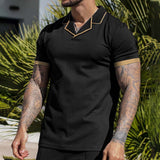 Men's Outdoor Moisture Wicking Colorblock Cuban Collar T-Shirt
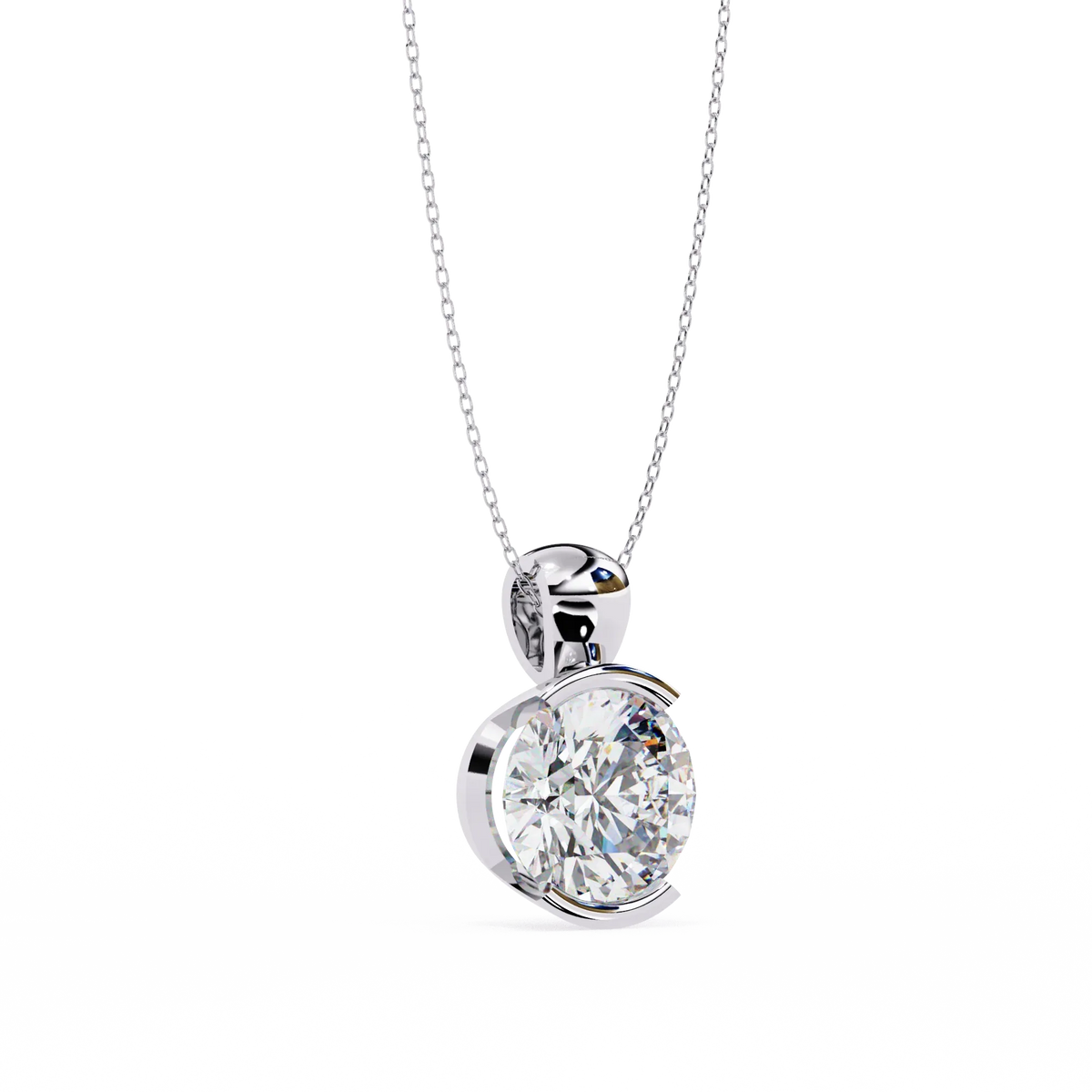 Solara Bezel Round Lab Grown Diamond Pendant - Ophiratbf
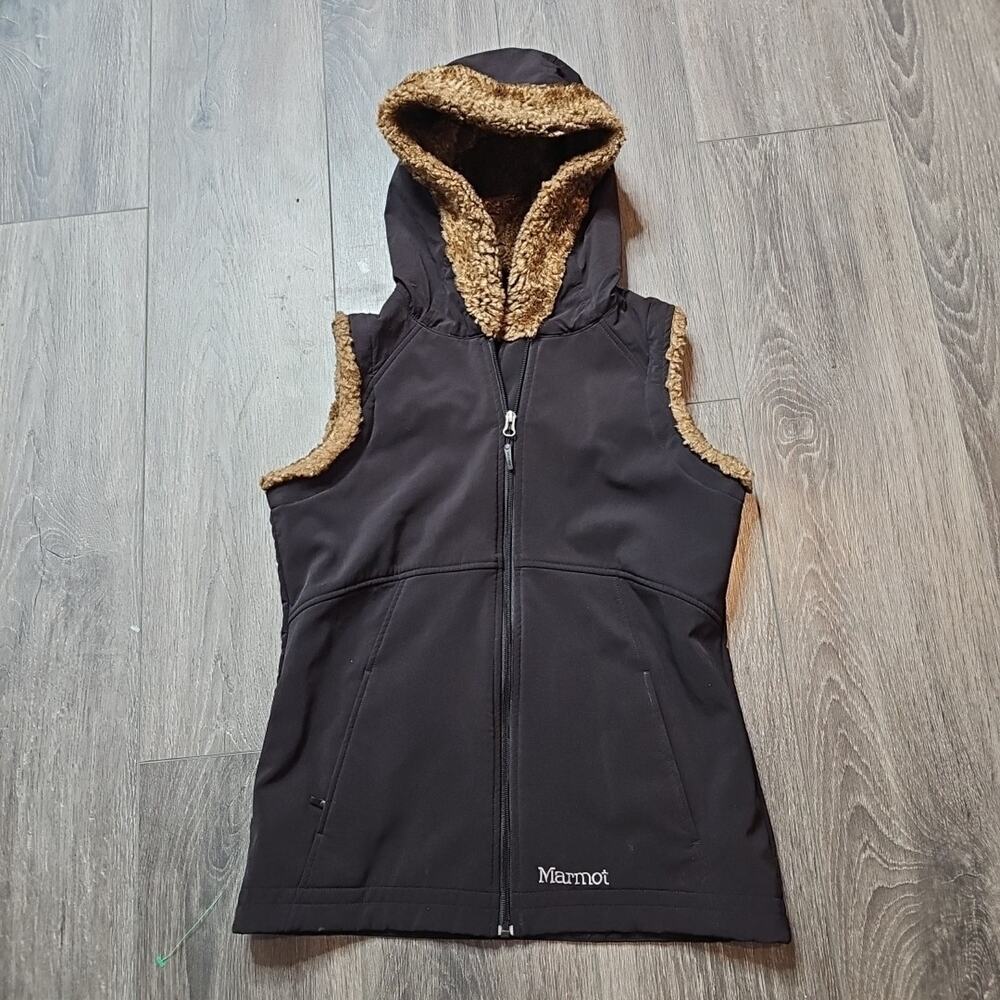 Marmot Hooded Vest Faux Fur Black Women’s M Soft Shell A85030 Full Zip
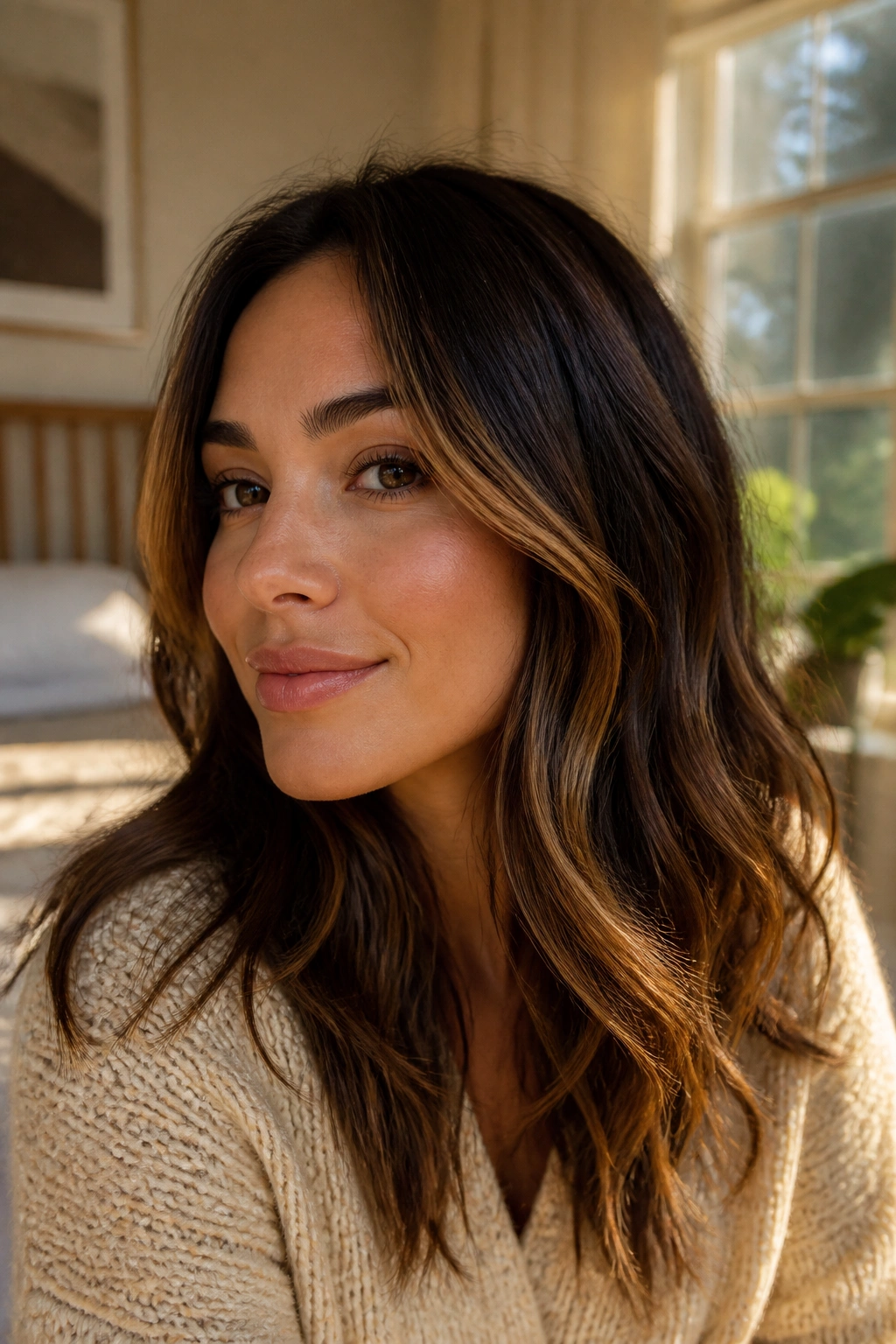 Close-up of a real woman with chocolate brown hair featuring caramel ribbons.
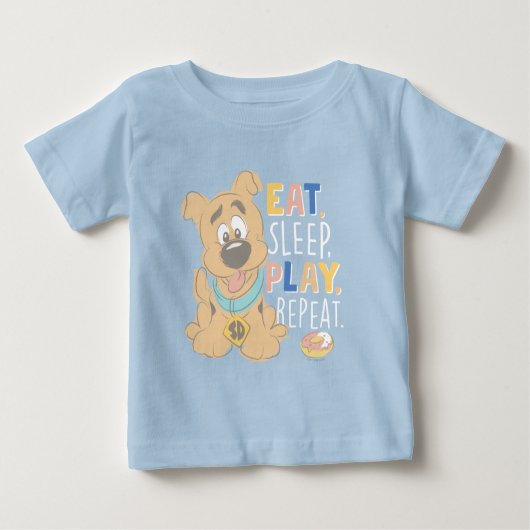 子犬のスクービードゥー食べ「睡眠遊、リピート」 ベビーTシャツ (正面)
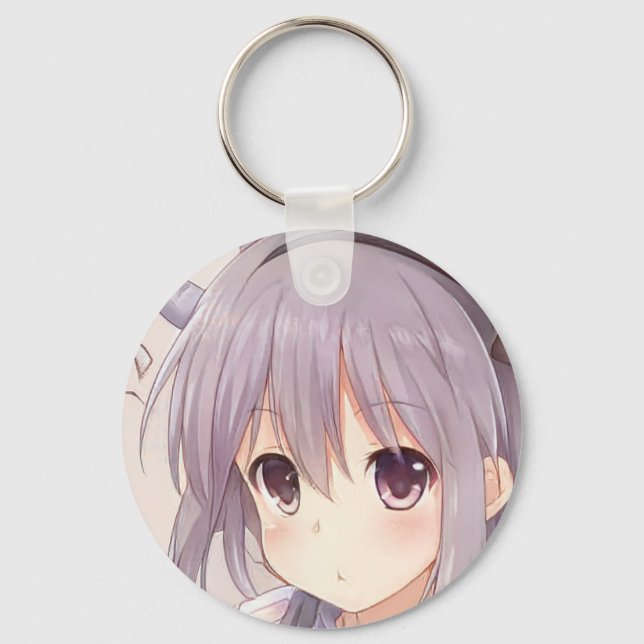 Surprised anime girl grey hair plum eyes manga key ring (Front)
------------------------------------------------------------
Verbatim repeat, images removed: give each entry again exactly as it reads.

Expected output =
 Men's Outdoor Moisture Wicking Colorblock Cuban Collar T-Shirt
 Solara Bezel Round Lab Grown Diamond Pendant - Ophiratbf
 Marmot Hooded Vest Faux Fur Black Women’s M Soft Shell A85030 Full Zip
 Close-up of a real woman with chocolate brown hair featuring caramel ribbons.
 子犬のスクービードゥー食べ「睡眠遊、リピート」 ベビーTシャツ (正面)
 Surprised anime girl grey hair plum eyes manga key ring (Front)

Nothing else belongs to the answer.